Data for this task START
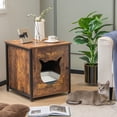 thumbnail image 4 of Gymax Cat Litter Box Enclosure w/ Metal Frame & Adjustable Feet Brown, 4 of 10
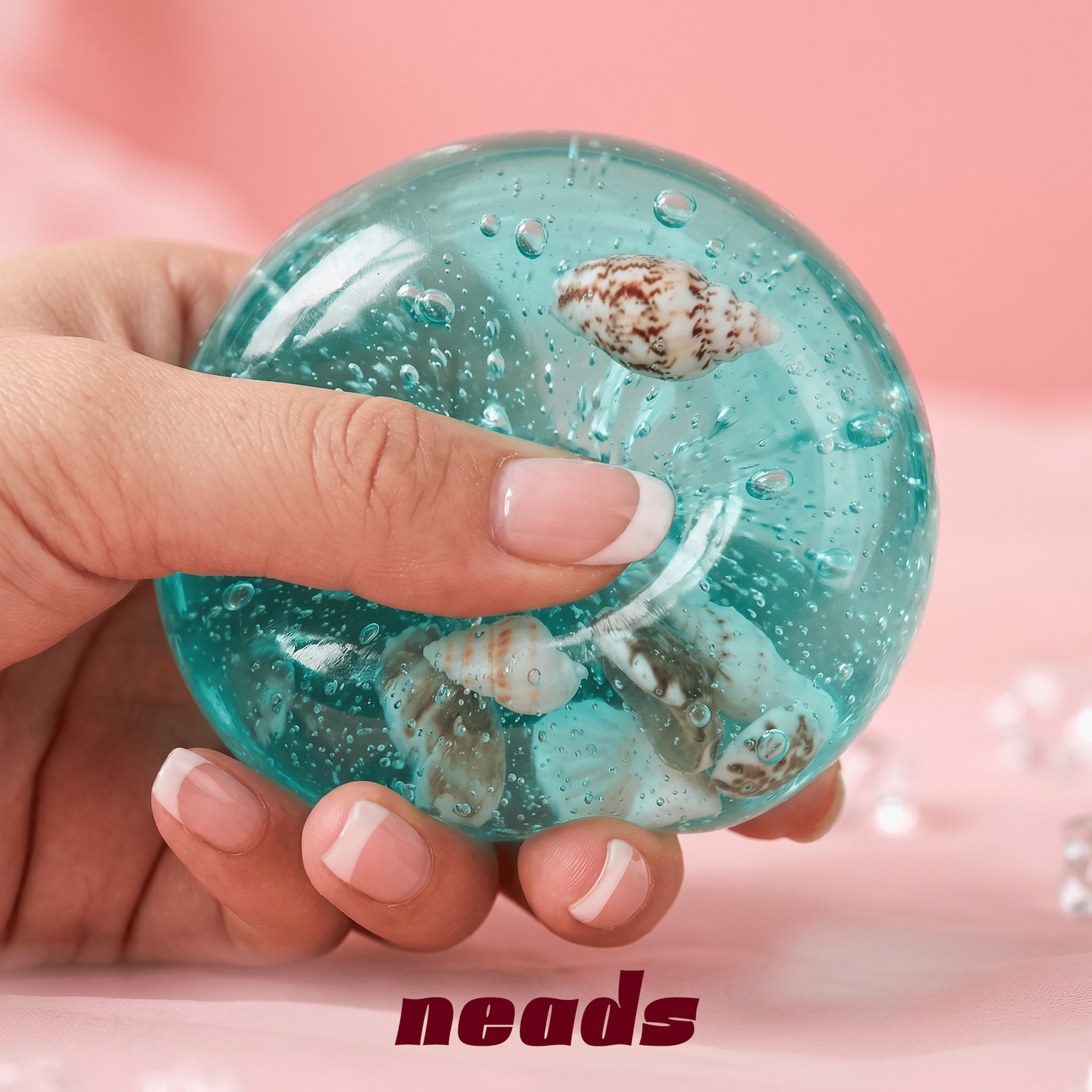 Deep Ocean Maltose Ball Real Seashell Sensory Toy | neads Handcrafted Sensory Toy - neads studio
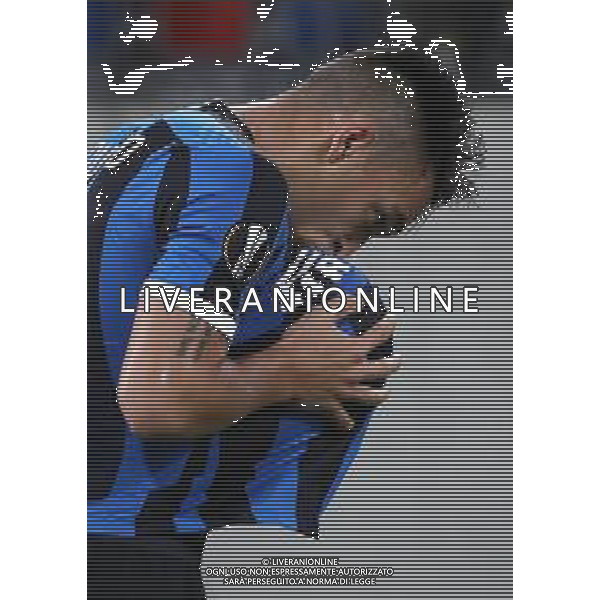 DUESSELDORF, GERMANY - AUGUST 17: Lautaro Martinez of Inter Milan celebrates after scoring his team\'s first goal during the UEFA Europa League Semi Final between Internazionale and Shakhtar Donetsk at Merkur Spiel-Arena on August 17, 2020 in Duesseldorf, Germany. (Photo by Alexander Hassenstein - UEFA/UEFA via Getty Images) AG ALDO LIVERANI SAS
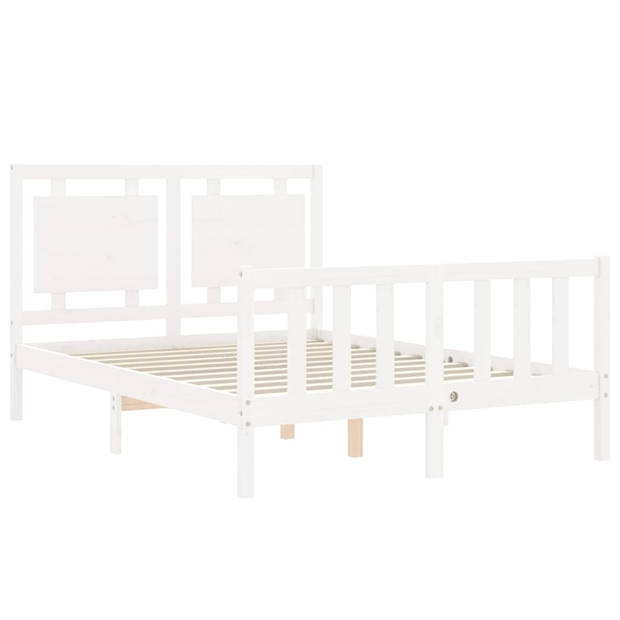 vidaXL Bedframe met hoofdbord massief hout wit 140x190 cm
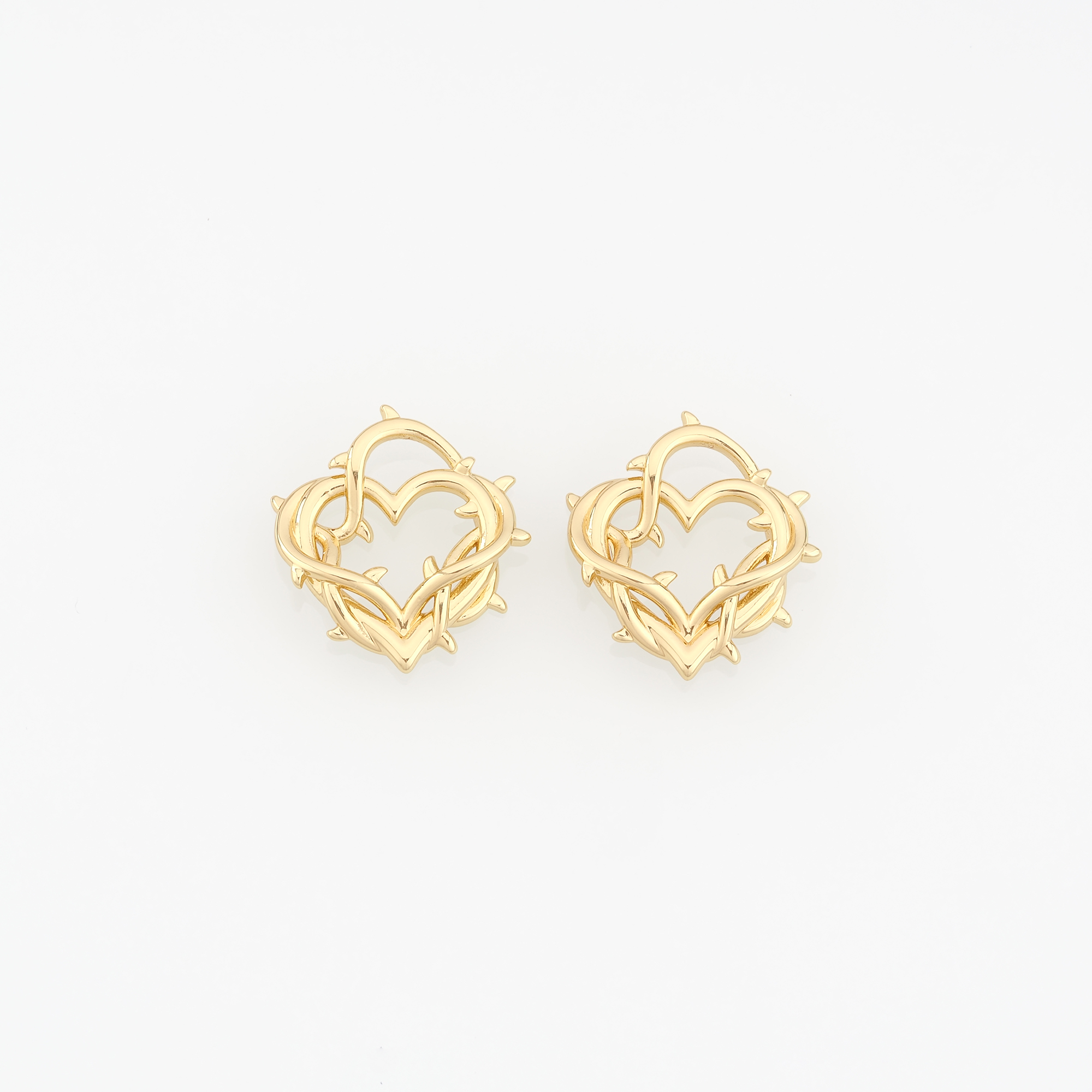 18K Gold Filled Heart Pendant,Dainty Heart Charm Earrings Necklace for DIY Jewelry Making Supply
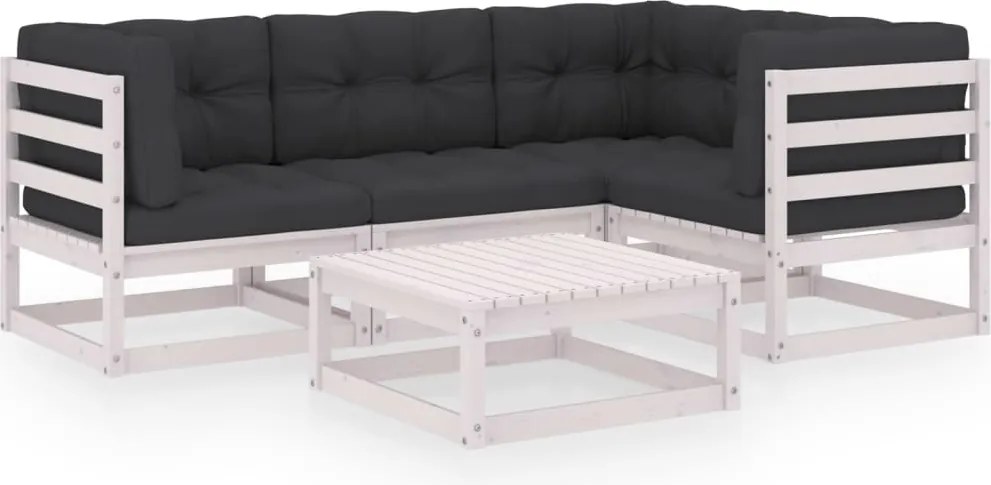 vidaXL 5 részes tömör fenyőfa kerti ülőgarnitúra párnával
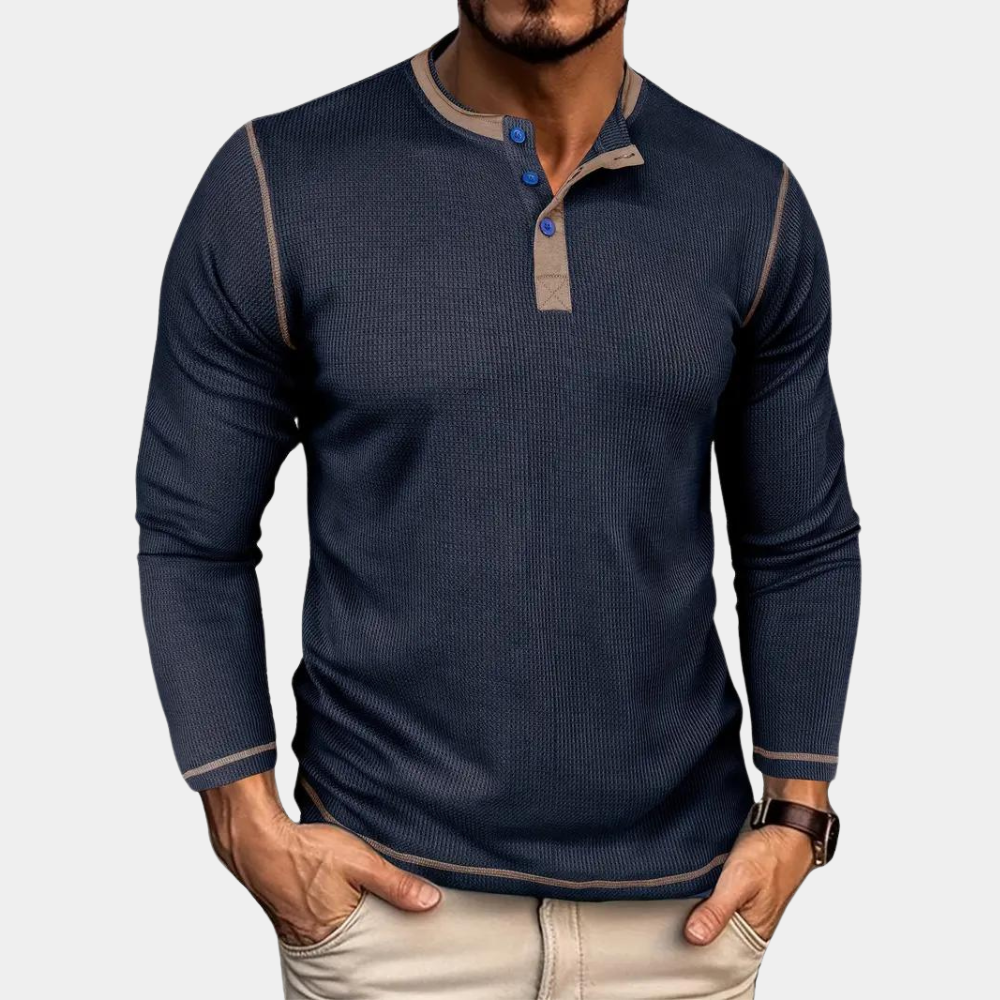 Retro Wafelstof Shirt met Lange Mouwen – Milan
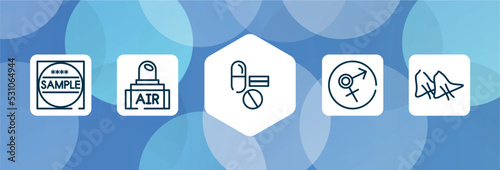outline icon set isolated on blue abstract background. thin line icons such as sample, air transmission, medicine, sexual transmitted disease, smallpox vector. can be used for web and mobile.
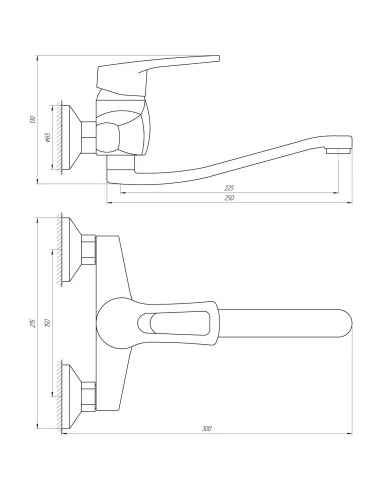 Змішувач для кухні Domino Sirius DSV-104 (зі стіни, хром) - 4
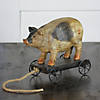 Northlight 10" Black and White Wood Textured Pig on Cart Outdoor Garden Statue Image 2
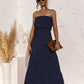 Strapless Tie Waist Tiered Maxi Dress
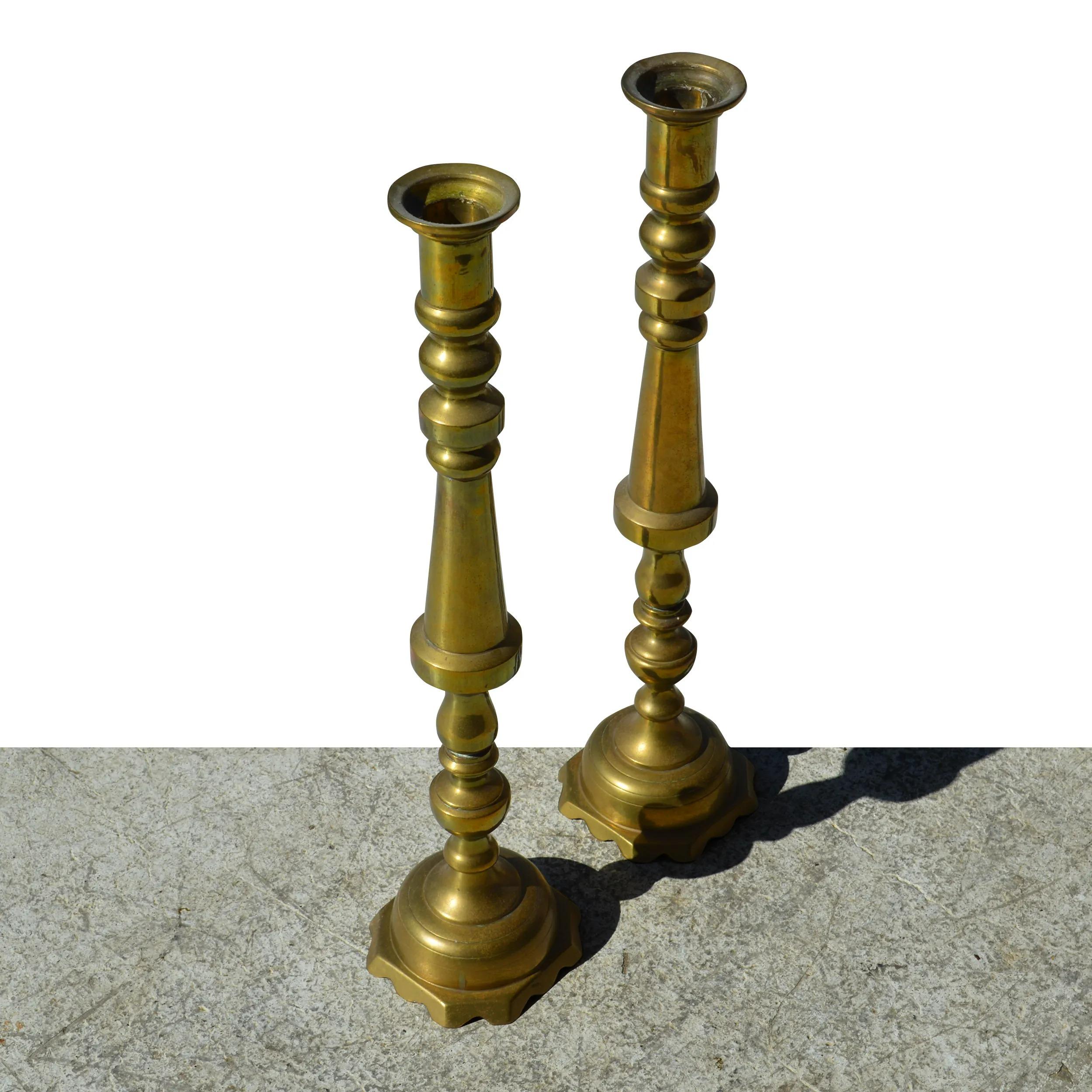 Vintage Pair of 23″ Brass Candle Holders For Sale 4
Data for this task END
> _Work to complete_: Your task is to set down every entry exactly, leaving out any picture it contains.

> _Response below_:
 thumbnail image 4 of Gymax Cat Litter Box Enclosure w/ Metal Frame & Adjustable Feet Brown, 4 of 10
 Deep Ocean Maltose Ball Real Seashell Sensory Toy | neads Handcrafted Sensory Toy - neads studio
 DUESSELDORF, GERMANY - AUGUST 17: Lautaro Martinez of Inter Milan celebrates after scoring his team\'s first goal during the UEFA Europa League Semi Final between Internazionale and Shakhtar Donetsk at Merkur Spiel-Arena on August 17, 2020 in Duesseldorf, Germany. (Photo by Alexander Hassenstein - UEFA/UEFA via Getty Images) AG ALDO LIVERANI SAS
 vidaXL Bedframe met hoofdbord massief hout wit 140x190 cm
 18K Gold Filled Heart Pendant,Dainty Heart Charm Earrings Necklace for DIY Jewelry Making Supply
 vidaXL 5 részes tömör fenyőfa kerti ülőgarnitúra párnával
 Retro Wafelstof Shirt met Lange Mouwen – Milan
outline icon set isolated on blue abstract background. thin line icons such as sample, air transmission, medicine, sexual transmitted disease, smallpox vector. can be used for web and mobile.
 Змішувач для кухні Domino Sirius DSV-104 (зі стіни, хром) - 4
 Northlight 10" Black and White Wood Textured Pig on Cart Outdoor Garden Statue Image 2
 Strapless Tie Waist Tiered Maxi Dress
 Vintage Pair of 23″ Brass Candle Holders For Sale 4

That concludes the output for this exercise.